The volume of scientific articles has increased so dramatically in the past decade; it is impossible for a researcher or student to digest all the new information available in the scientific repository. Various online academic service providers have allowed users to access papers through their search engines, such as Google Scholar, ACM Digital Library, ScienceDirect, IEEE Xplore, and Semantic Scholar, where users can input queries to search for relevant articles in their database. Paper recommender systems can complement the search engine, and the possible recommendation scenarios can be grouped into three categories based on the recommendation timing, i.e., before, during, or after a search session (Li et al., 2019). In particular, citation recommendation is provided during a search session, in which related paper recommendations can be displayed beside the content that the user is currently browsing.
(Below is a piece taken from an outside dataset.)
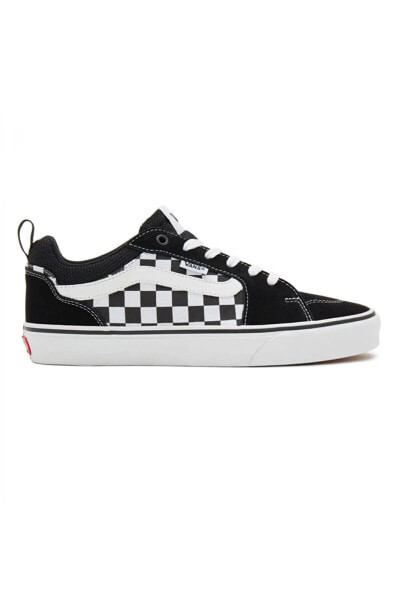 Кроссовки Vans Filmore Black Sea Fox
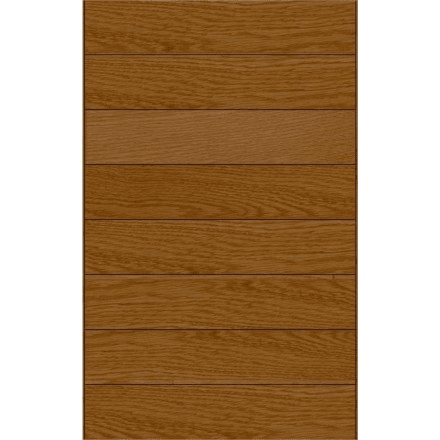Solace Pivoting Door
While citation recommendation falls into one of the scenarios of paper recommendation, there are fundamental differences between citation and paper recommendation. Paper recommendation focuses on providing users with articles that are worthwhile to read and examine in the context of a research topic. Furthermore, a paper recommender system gives personalized article recommendations based on modeling the user’s profile from their behavior history, e.g., clicked/bookmarked/written documents. However, citation recommendation refers to the task of recommending appropriate citations for a text passage within a document (Färber & Jatowt, 2020). While there are some published surveys on paper recommendation (Beel et al., 2016; Bai et al., 2019), the present survey focuses on citation recommendation.

The traditional process of finding relevant citations requires much tedious and manual work. A researcher needs to record a document collection on their own, and the chance of identifying papers for citing depends on whether the researcher already knows the candidates. Another option for acquiring citation candidates is to rely on a bibliographic database, such as Google Scholar, or domain-specific platforms such as DBLP in computer science or PubMed in biomedical and the life sciences domain. However, finding the appropriate query keywords to search for cited papers is skillful work and requires considerable time and effort (Färber & Jatowt, 2020). The motivation for citation recommendation is to provide an efficient method for the citation process. The user provides the written text to the recommender system, and then the system presents a snippet with citations. For instance, given the citation context “FM has a uniform weight in feature interactions; the researchers introduce attention mechanism to enable features that contribute differently for link prediction” within a document, the citation recommendation system might produce two citations as follows: “FM (Rendle, 2010) has a uniform weight in feature interactions; the researchers introduce attention mechanism (Vaswani et al., 2017) to enable features that contribute differently for link prediction.”, where the two corresponding references are added respectively to (1) a publication introducing Factorization Machine (FM) which is a popular technique in modeling feature interaction, and (2) a publication backing up the statement that the proposed method introduces an augmented component for the task of link prediction.

Two user groups can benefit from a citation recommender system, as shown in the following examples:

  • Expert Group: An experienced researcher familiar with their research field is going to conduct a survey on a research project related to AI education systems. Citation recommendation can be beneficial, as such a user might not be familiar with publications about educational psychology.

  • Non-expert Group: Newcomers, such as early-stage master’s students and Ph.D. students, might get frustrated when facing the tremendous amount of research publications, and they are unaware of most of the relevant literature in their research areas. Citation recommender systems help those novice researchers to find cite-worthy publications to write their research proposals.